Labour will return Railtrack to public
Privatisation: Opposition pledge on ownership `unmistakable'
JOHN RENTOUL and
CHRISTIAN WOLMAR
The strongest promise yet to restore Railtrack to public ownership was made to the Scottish Labour Conference in Edinburgh yesterday by Labour's Transport spokesman, Brian Wilson.
The pledge comes against the background of a fierce behind-the-scenes struggle over the wording of the party's statement in the sale prospectus for Railtrack - which is to be published at the end of this month for an expected pounds 1.5bn sell-off in May.
Mr Wilson told the conference: "As Tony Blair repeated and John Prescott spelled out, Labour is committed to a publicly owned, publicly accountable railway - the words are unmistakable in meaning. It means taking whatever steps are necessary to ensure that Railtrack is in public ownership. You cannot have a publicly owned, publicly accountable railway if someone else owns the tracks, the signals and the stations, and operates them for the maximisation of private profit."

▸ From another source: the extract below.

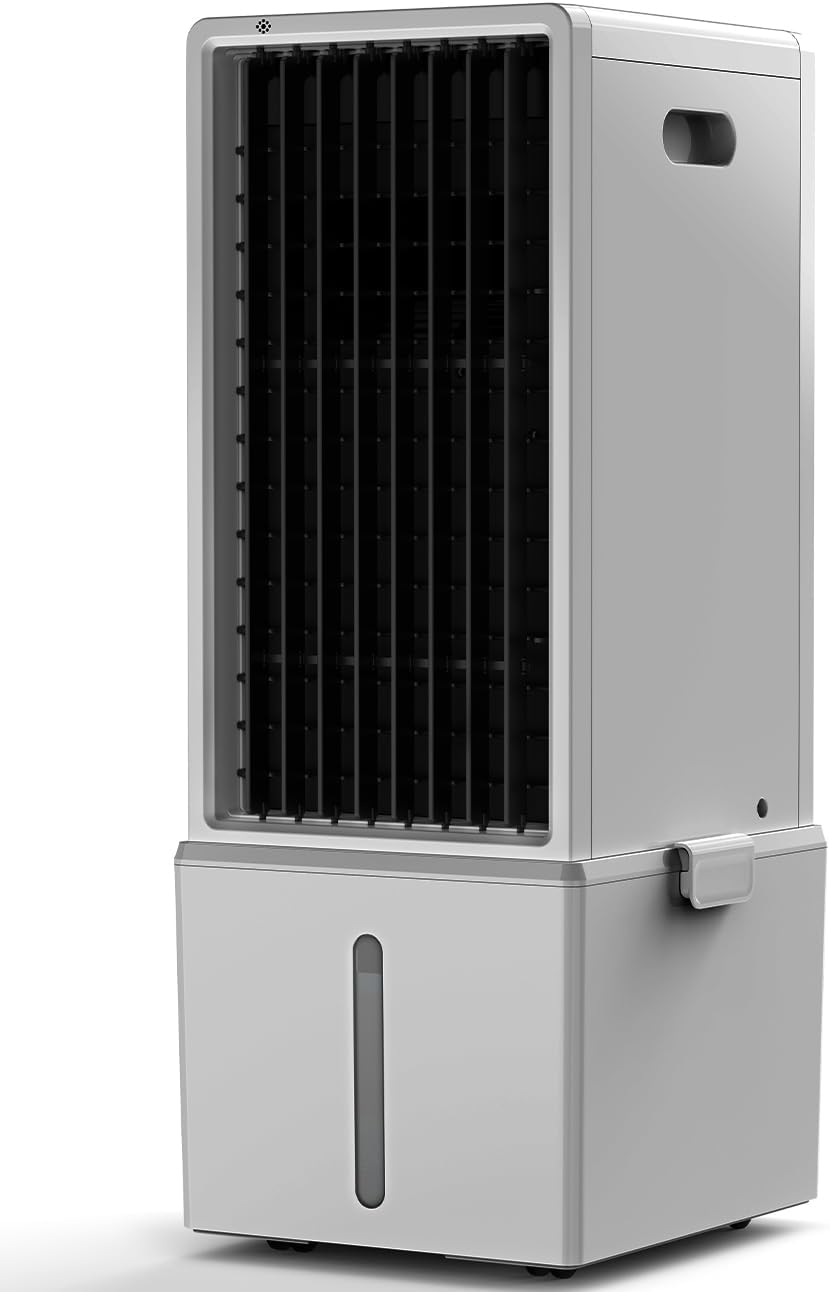 Portable Air Conditioners 4 Modes&3 Speeds,4 Ice Packs, Waterless Alert System, 12H Timer, Remote,1 Gal Detachable Water Tank, 70°Oscillation Windowless Evaporative Air Cooler for Room Office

The Labour leader - who refused last year to give a pledge to "renationalise" the railways - is understood to be seeking forms of public control which do not involve large spending commitments, while Mr Prescott, the deputy Labour leader, is pressing for a wholehearted commitment to buy back Railtrack if it is sold.
Drafts of Labour's prospectus statement have been worked on for some months, but the present version is still subject to some "fine tuning" by Mr Blair and Mr Prescott.
Mr Prescott won a rapturous ovation in Edinburgh on Saturday, declaring: "When we say a publicly owned, publicly accountable system, we mean exactly what we say", while Gordon Brown, the shadow Chancellor, yesterday promised to "keep rail as a public service in the public sector run by dedicated public servants".
Mr Wilson also responded to Friday's fatal train accident near Stafford by calling for the directors of privatised rail companies to be held individually liable for safety breaches..
He went on to warn potential investors in the railways: "Let those who are clambering on to the rail privatisation gravy train understand very clearly: stealing public assets with Tory complicity is the easy bit; running a railway is a high-risk business, in every sense."
Yesterday, Sir George Young, the Secretary of State for Transport, denied that he had issued instructions to Roger Salmon, the franchising director, to speed up the passenger rail franchising programme. The Independent on Sunday published a leaked document which revealed that all 25 franchises were due to be privatised by the spring of next year, in time for a late general election.
However, speaking on Radio 4's The World This Weekend, Sir George accepted Mr Salmon was - in accordance with his remit - pushing ahead rapidly.